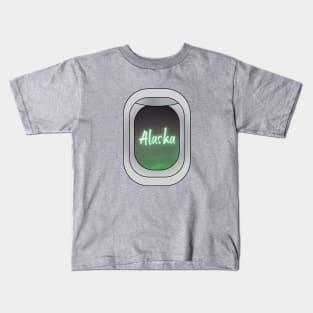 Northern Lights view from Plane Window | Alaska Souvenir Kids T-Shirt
..............................
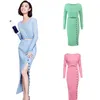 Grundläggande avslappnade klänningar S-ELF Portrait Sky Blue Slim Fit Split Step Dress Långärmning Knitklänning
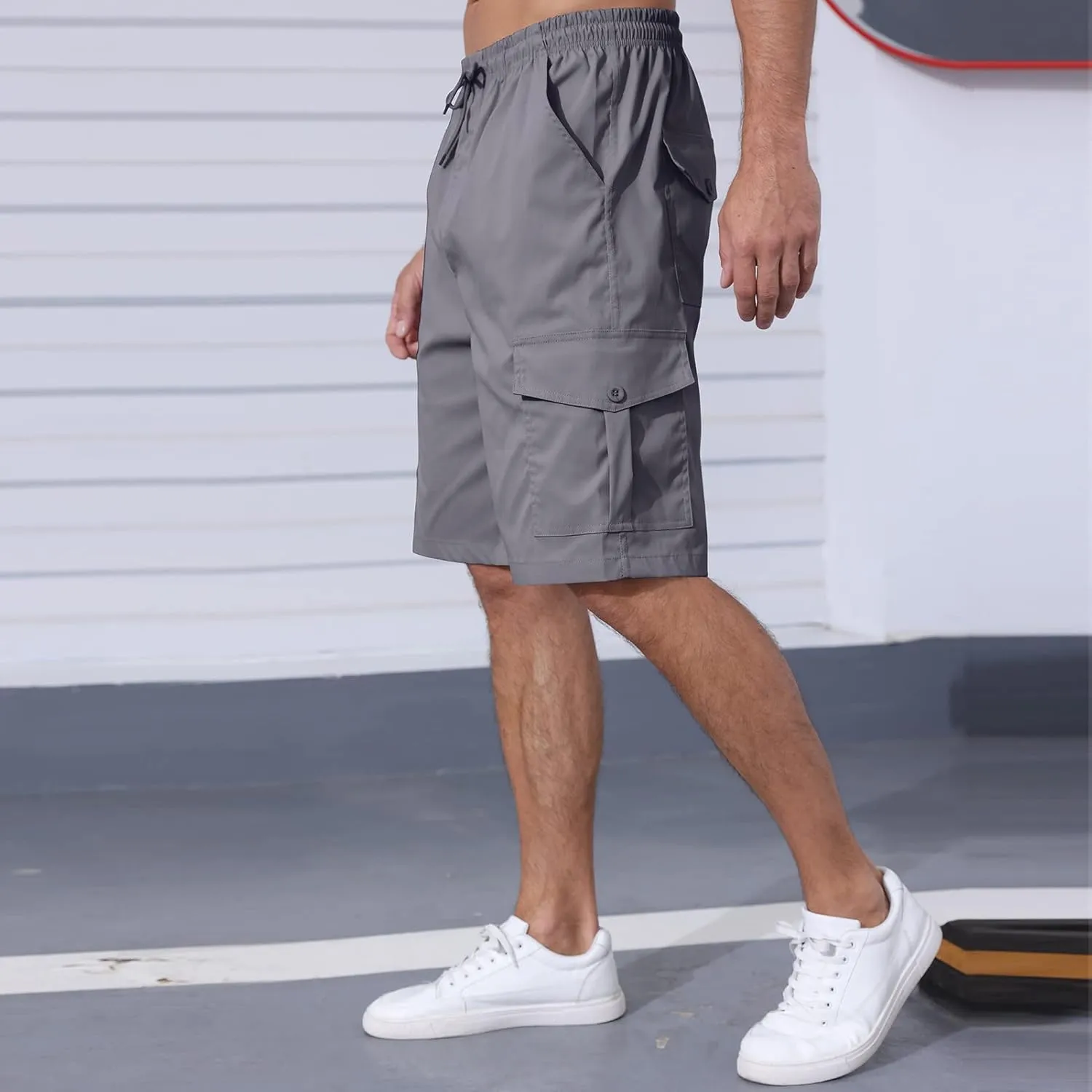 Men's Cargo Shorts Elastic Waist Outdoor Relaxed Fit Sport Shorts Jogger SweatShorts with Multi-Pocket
..............................
→ Directions for this task
Output exactly the stretch of the listing that begins at the line containing "Grundläggande avslappnade klänningar" and ends at the line containing "Men's Cargo Shorts", both kept. Omit pictures and everything else.

→ Written answer
 Grundläggande avslappnade klänningar S-ELF Portrait Sky Blue Slim Fit Split Step Dress Långärmning Knitklänning
 Men's Cargo Shorts Elastic Waist Outdoor Relaxed Fit Sport Shorts Jogger SweatShorts with Multi-Pocket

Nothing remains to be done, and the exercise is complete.